Problem requirements: Images should be left out, and everything else in the listing reproduced exactly.

※

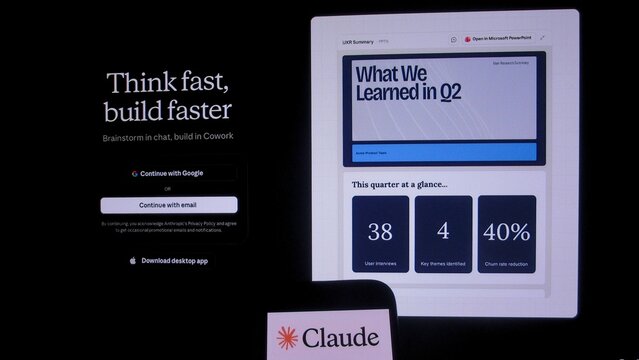 Nova Lima, Brazil &ndash; July 23, 2026: Claude AI chatbot logo on a smartphone display in front of a computer monitor showing data analytics and productivity software interfaces.
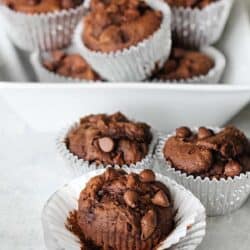 A white tray with multiple chocolate muffins in silver foil liners, with three muffins in the foreground and several more stacked in the background.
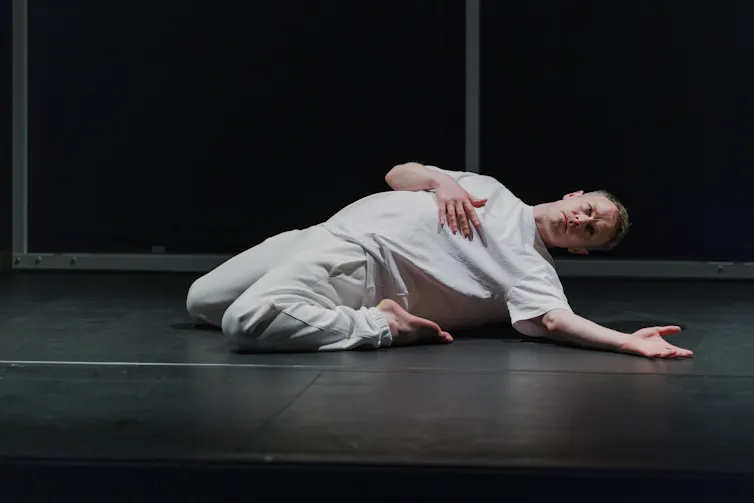 A dancer dressed in white is pictured on the ground mid-dance.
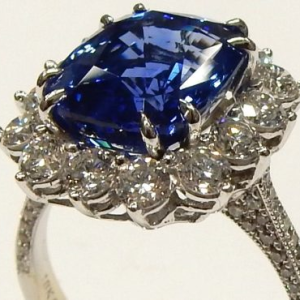 Diamonds Estate Ring 
18 Karat White H Diamonds Ring With Finger Size 8.5 
Width 2.5mm Gram Weight 6.3 
14 Center Diamonds Shape: Round; Clarity: SI2; Colour: H With 68 Round Diamonds 0.25 ctw and 1 Cushion Sapphire 7.15 ctw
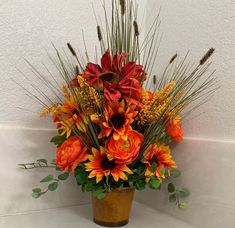 a vase filled with lots of flowers on top of a white countertop next to a wall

※

Result:
 Nova Lima, Brazil &ndash; July 23, 2026: Claude AI chatbot logo on a smartphone display in front of a computer monitor showing data analytics and productivity software interfaces.
 A white tray with multiple chocolate muffins in silver foil liners, with three muffins in the foreground and several more stacked in the background.
 A dancer dressed in white is pictured on the ground mid-dance.
 Diamonds Estate Ring 
18 Karat White H Diamonds Ring With Finger Size 8.5 
Width 2.5mm Gram Weight 6.3 
14 Center Diamonds Shape: Round; Clarity: SI2; Colour: H With 68 Round Diamonds 0.25 ctw and 1 Cushion Sapphire 7.15 ctw
 a vase filled with lots of flowers on top of a white countertop next to a wall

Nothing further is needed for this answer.